What you will do: Starting at the line that contains "Drei Mütter sind" and stopping at the line that contains "BOBS from Skechers", restate each line of the records below exactly. Omit the pictures.

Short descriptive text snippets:
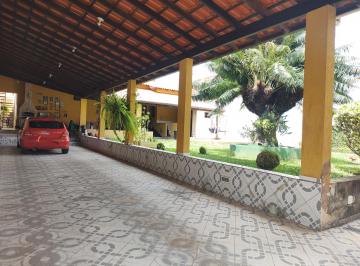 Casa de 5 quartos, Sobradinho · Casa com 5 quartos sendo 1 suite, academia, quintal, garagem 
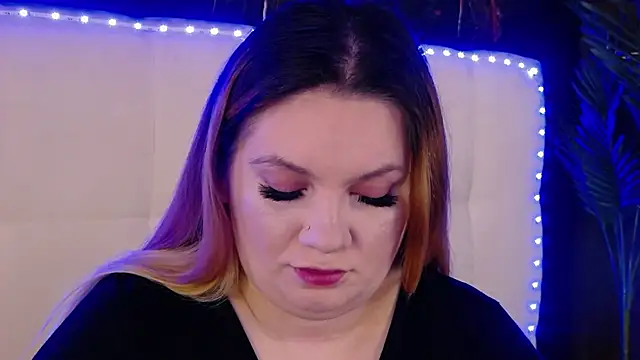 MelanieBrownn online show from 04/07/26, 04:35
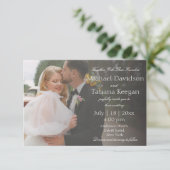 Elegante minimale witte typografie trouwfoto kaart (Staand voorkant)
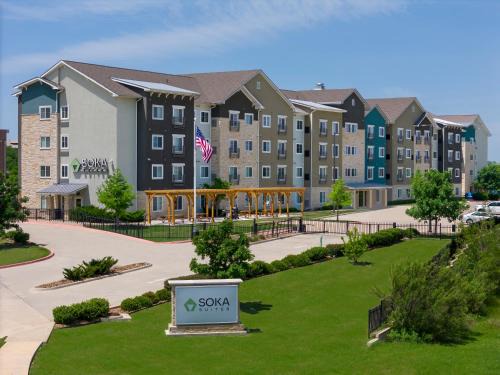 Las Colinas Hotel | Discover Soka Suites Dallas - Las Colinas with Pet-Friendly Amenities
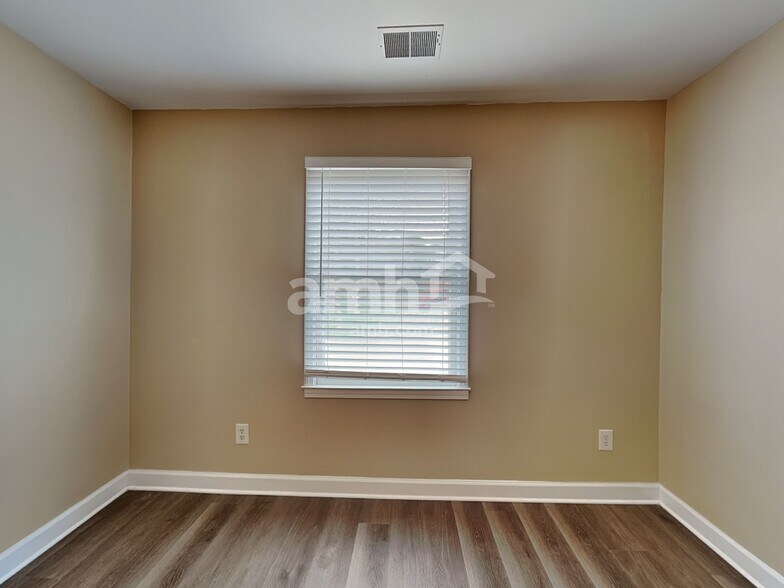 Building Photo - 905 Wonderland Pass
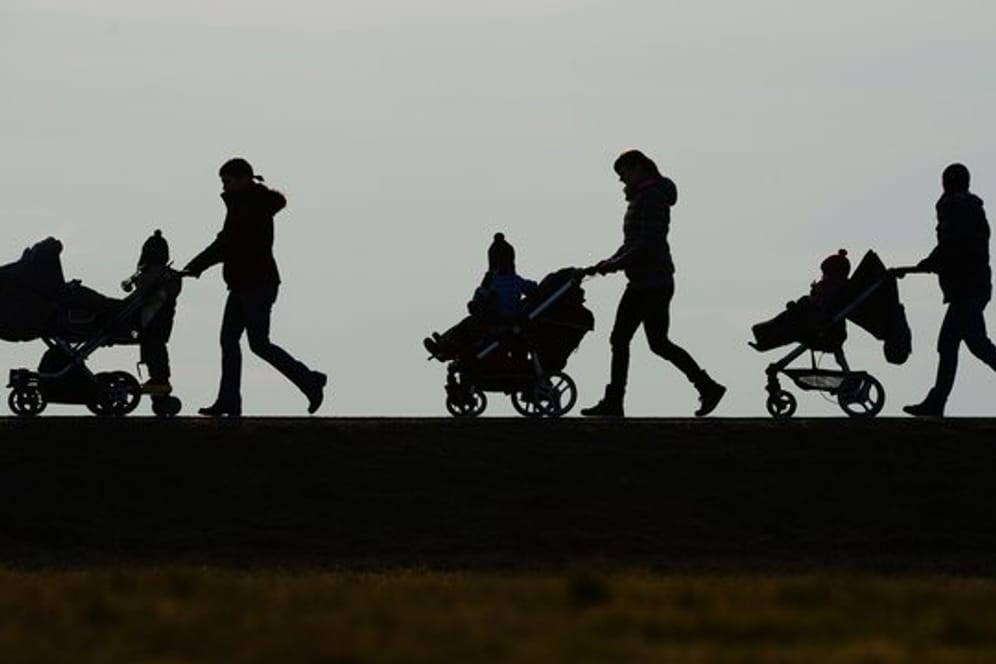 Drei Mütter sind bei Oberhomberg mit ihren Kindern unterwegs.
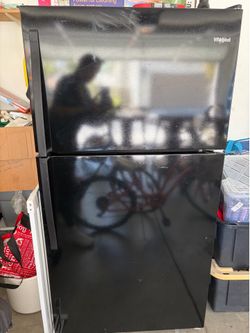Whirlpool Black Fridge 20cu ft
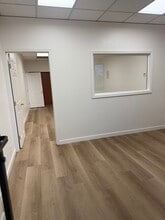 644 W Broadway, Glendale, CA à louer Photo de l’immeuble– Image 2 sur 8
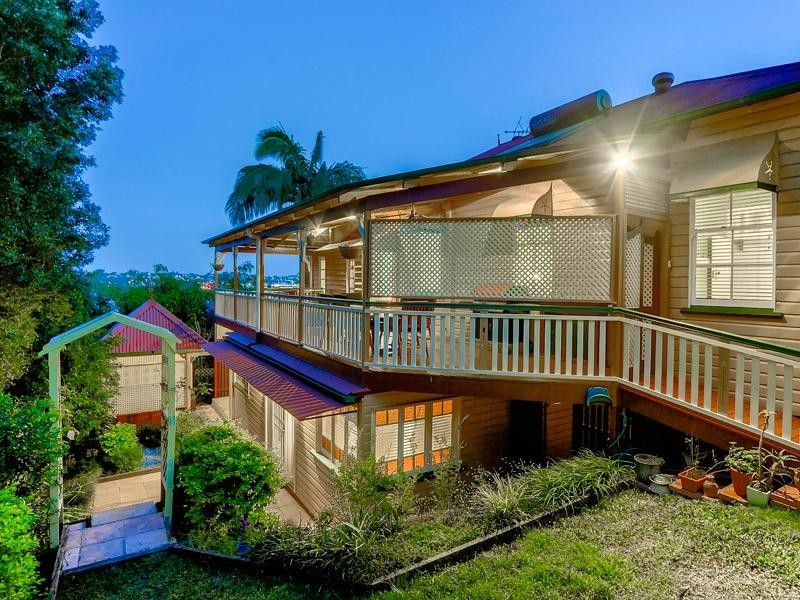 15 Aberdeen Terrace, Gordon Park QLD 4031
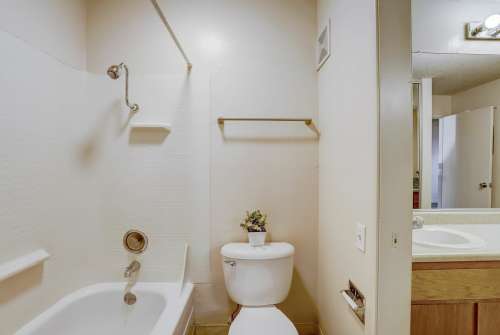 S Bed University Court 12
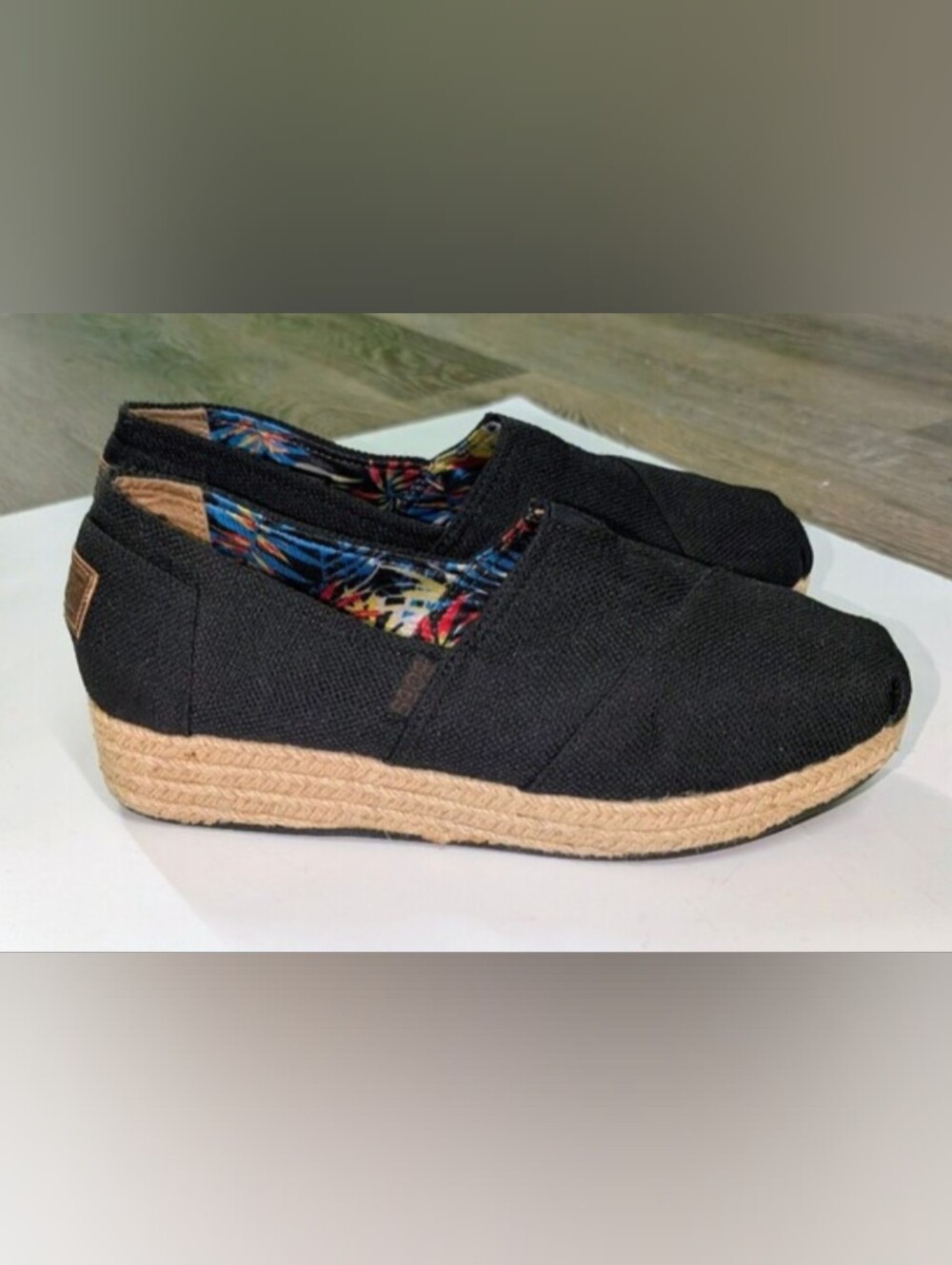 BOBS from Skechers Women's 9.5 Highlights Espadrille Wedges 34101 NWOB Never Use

...

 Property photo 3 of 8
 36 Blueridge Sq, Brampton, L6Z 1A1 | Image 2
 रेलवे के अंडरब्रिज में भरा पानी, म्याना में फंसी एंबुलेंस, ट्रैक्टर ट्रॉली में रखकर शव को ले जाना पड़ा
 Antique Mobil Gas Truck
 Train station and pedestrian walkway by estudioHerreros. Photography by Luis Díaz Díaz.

* * *

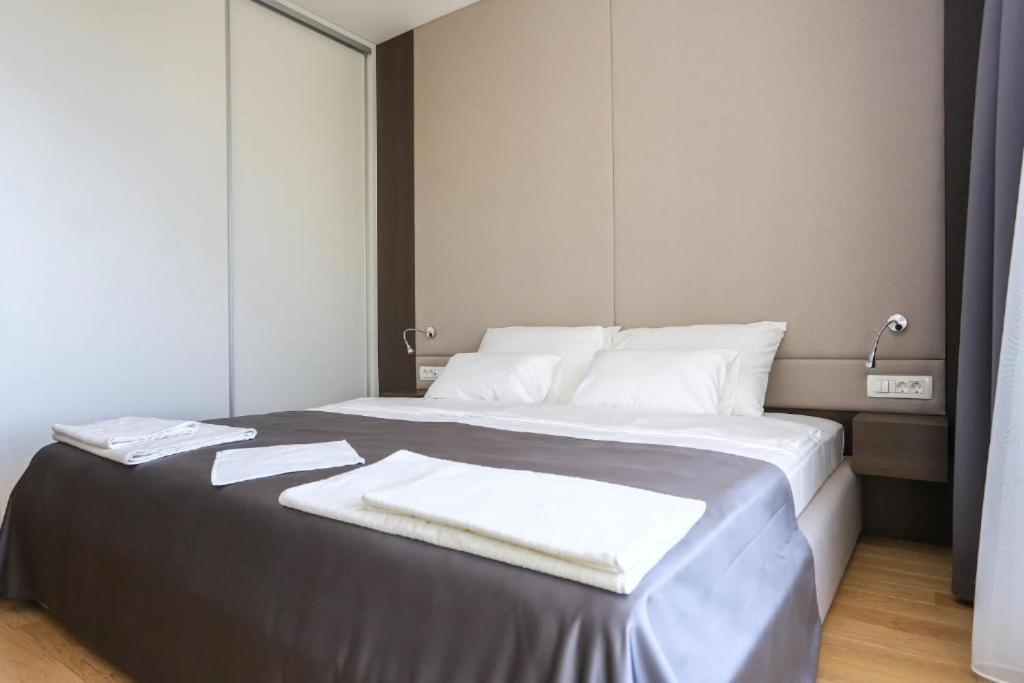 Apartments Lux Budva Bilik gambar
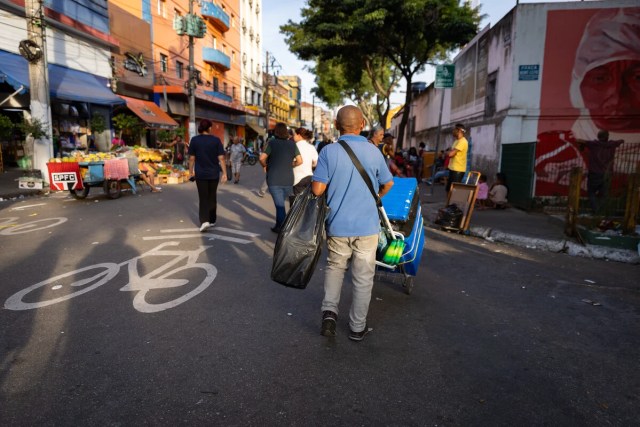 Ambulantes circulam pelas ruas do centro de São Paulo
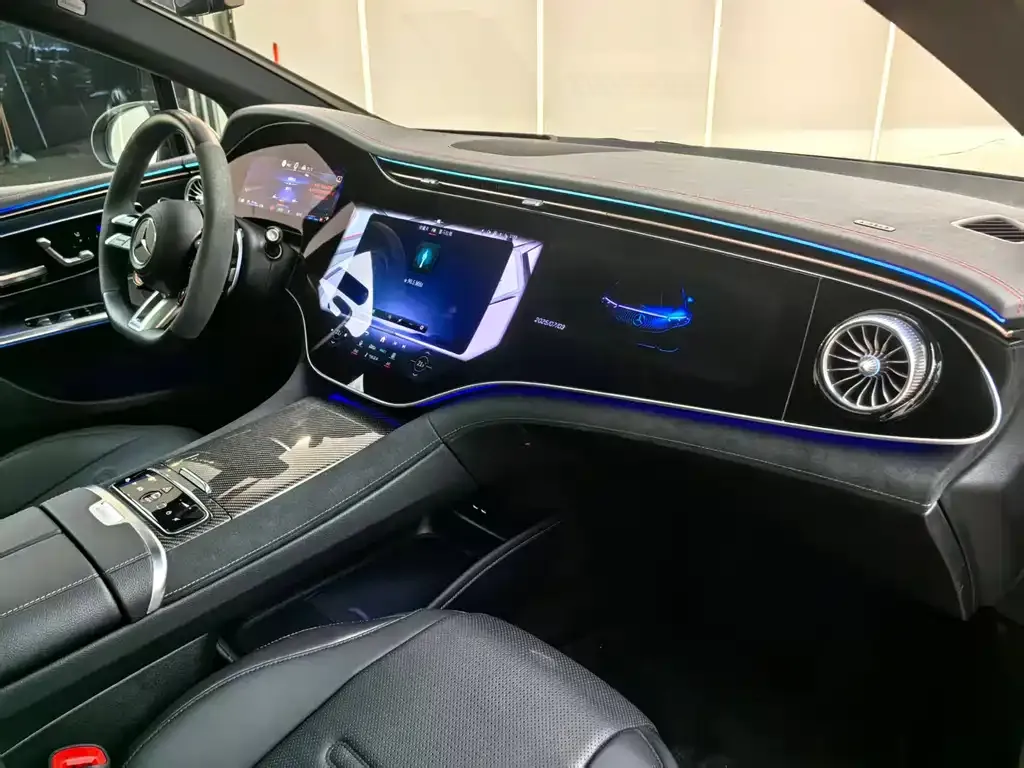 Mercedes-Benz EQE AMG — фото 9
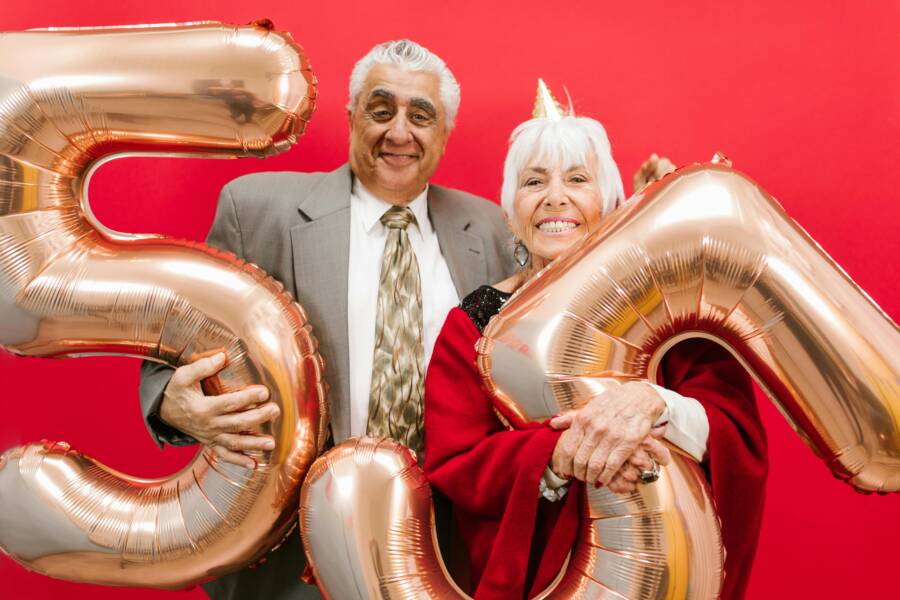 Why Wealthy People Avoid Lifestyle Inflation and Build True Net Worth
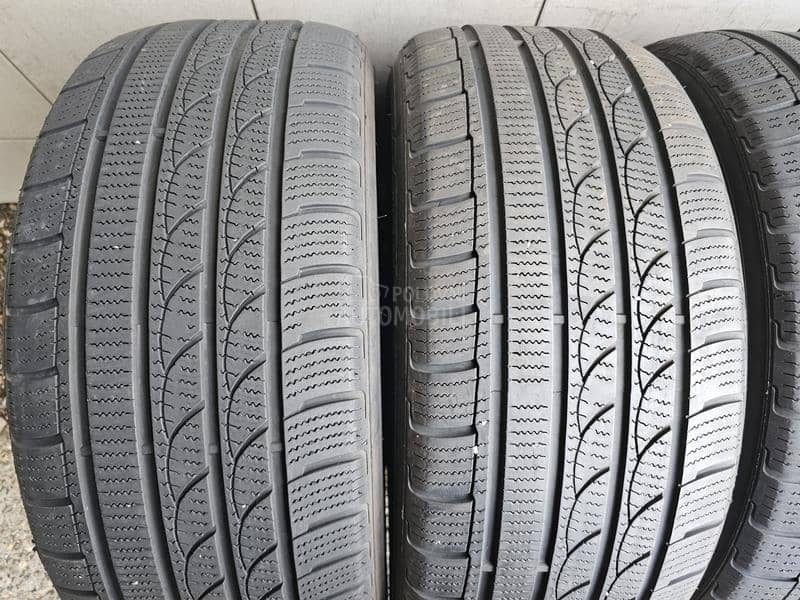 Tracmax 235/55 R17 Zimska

Task solution:
 Drei Mütter sind bei Oberhomberg mit ihren Kindern unterwegs.
Whirlpool Black Fridge 20cu ft
 644 W Broadway, Glendale, CA à louer Photo de l’immeuble– Image 2 sur 8
 15 Aberdeen Terrace, Gordon Park QLD 4031
 S Bed University Court 12
 BOBS from Skechers Women's 9.5 Highlights Espadrille Wedges 34101 NWOB Never Use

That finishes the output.